Comparative pharmacokinetic analysis of levonorgestrel-releasing intrauterine systems and levonorgestrel-containing contraceptives with oral or subdermal administration route

To compare systemic exposure to levonorgestrel (LNG) released from commercially available intrauterine systems (IUSs), a subdermal implant, and oral contraceptives.
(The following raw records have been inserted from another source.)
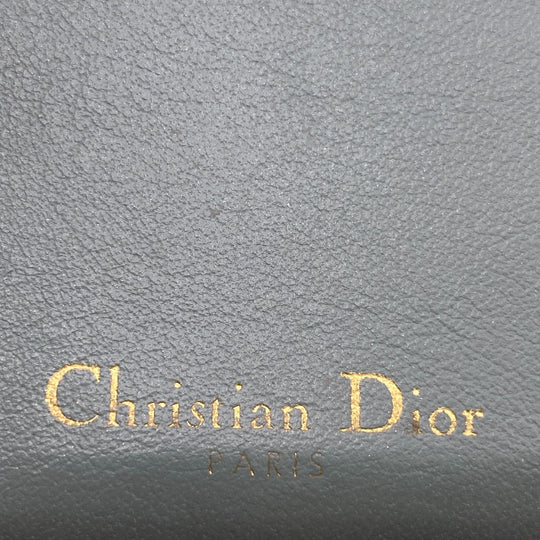 Christian Dior Tri-fold wallet Canvas, Leather gray Compact wallet Oblique Women Used Authentic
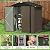 JUMMICO Metal Outdoor Storage Shed 6 x 4 FT Metal Shed with Lockable Door,Waterproof Garden Tool Shed Storage House for Backyard Patio Lawn,Brown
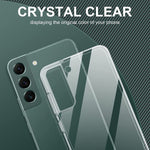 Lesanm For Samsung Galaxy S22 Plus Crystal Clear Cover Thin Slim Flexible Tpu Rubber Soft Silicone Protective Phone Case Cover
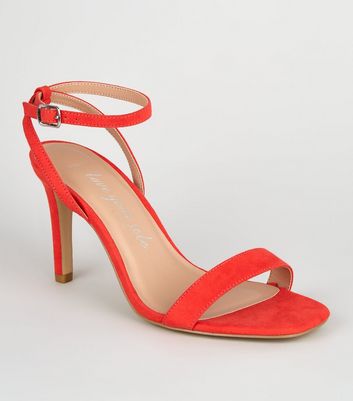 new look coral sandals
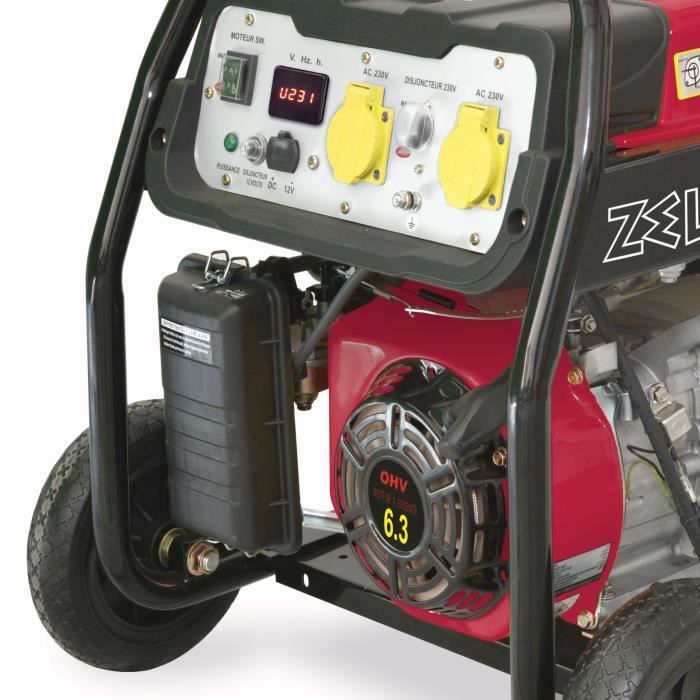 Generatore a benzina - ZEUZ - 4100 LB - 3300 W - Monofase - Rosso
An integrated population pharmacokinetic (popPK) analysis of data from over 3400 individuals in ten clinical studies with six different LNG-releasing contraceptives (four long-acting reversible contraceptives [LARCs: LNG-IUS 8, 12, and 20, initially releasing LNG 14, 17.5, and 20 μg/day, a subdermal implant initially releasing LNG 100 μg/day according to label]; progestin-only pill [POP: LNG 30 μg/day]; and combined oral contraceptive [COC] pill [LNG 100 μg/day and ethinylestradiol 20 μg/day]), was conducted to generate a popPK model. LNG release rates, and total and unbound serum/plasma LNG concentrations with LARCs were estimated over the indicated period of use; maximum (C_max) and average (C_av) serum LNG concentrations were estimated at steady state for oral contraceptives. Influence of body weight on LNG PK was also investigated. Serum LNG concentration with LARCs increased with increasing daily LNG release rate, being lowest with LNG-IUS 8, higher with LNG-IUS 12 and LNG-IUS 20, and highest with the subdermal implant (1.7–2.1-times that with LNG-IUS 20). Compared with early serum LNG concentrations with LNG-IUS 20, C_av and C_max were 1.7- and 4.5-fold higher with POP, and 8.6- and 18-fold higher with COC. Total LNG bioavailability was >97% for the LNG-IUSs and 66–80% with other contraceptives. Serum/plasma LNG concentrations decreased with increasing body weight. Among the contraceptives examined, COC had the highest and LNG-IUSs the lowest systemic exposure to LNG. Systemic LNG concentration was inversely correlated to body weight.

为比较市售宫内给药系统（intrauterine systems, IUSs）、皮下埋植剂及口服避孕药所释放的左炔诺孕酮（levonorgestrel, LNG）的全身暴露量，本研究针对10项临床研究中超过3400名受试者的数据开展整合式群体药代动力学（population pharmacokinetic, popPK）分析。所纳入的6种不同左炔诺孕酮释放型避孕手段包括：4种长效可逆避孕药（long-acting reversible contraceptives, LARCs）——初始日释放左炔诺孕酮14μg、17.5μg、20μg的LNG-IUS 8、12、20型，以及按说明书初始日释放左炔诺孕酮100μg的皮下埋植剂；1种孕激素单方口服避孕药（progestin-only pill, POP）：日释放左炔诺孕酮30μg；以及1种复方口服避孕药（combined oral contraceptive, COC）：含左炔诺孕酮100μg与炔雌醇20μg。本研究最终构建了popPK模型，针对长效可逆避孕药，估算了其左炔诺孕酮释放速率，以及使用周期内血清/血浆中总左炔诺孕酮与游离左炔诺孕酮浓度；针对口服避孕药，则估算了其稳态下的血清左炔诺孕酮峰浓度（Cmax）与平均浓度（Cav）。本研究同时考察了体重对左炔诺孕酮药代动力学的影响。结果显示，长效可逆避孕药的血清左炔诺孕酮浓度随日释放速率升高而上升：LNG-IUS 8型浓度最低，LNG-IUS 12型与LNG-IUS 20型浓度更高，皮下埋植剂浓度最高，为LNG-IUS 20型的1.7~2.1倍。以LNG-IUS 20型的早期血清左炔诺孕酮浓度为参照，孕激素单方口服避孕药的Cav与Cmax分别为其1.7倍与4.5倍，复方口服避孕药的Cav与Cmax分别为其8.6倍与18倍。左炔诺孕酮宫内给药系统的左炔诺孕酮总生物利用度>97%，其余避孕手段的总生物利用度为66%~80%。血清/血浆左炔诺孕酮浓度随体重增加而降低。在所考察的避孕手段中，复方口服避孕药的左炔诺孕酮全身暴露量最高，左炔诺孕酮宫内给药系统最低。左炔诺孕酮的全身暴露浓度与体重呈负相关。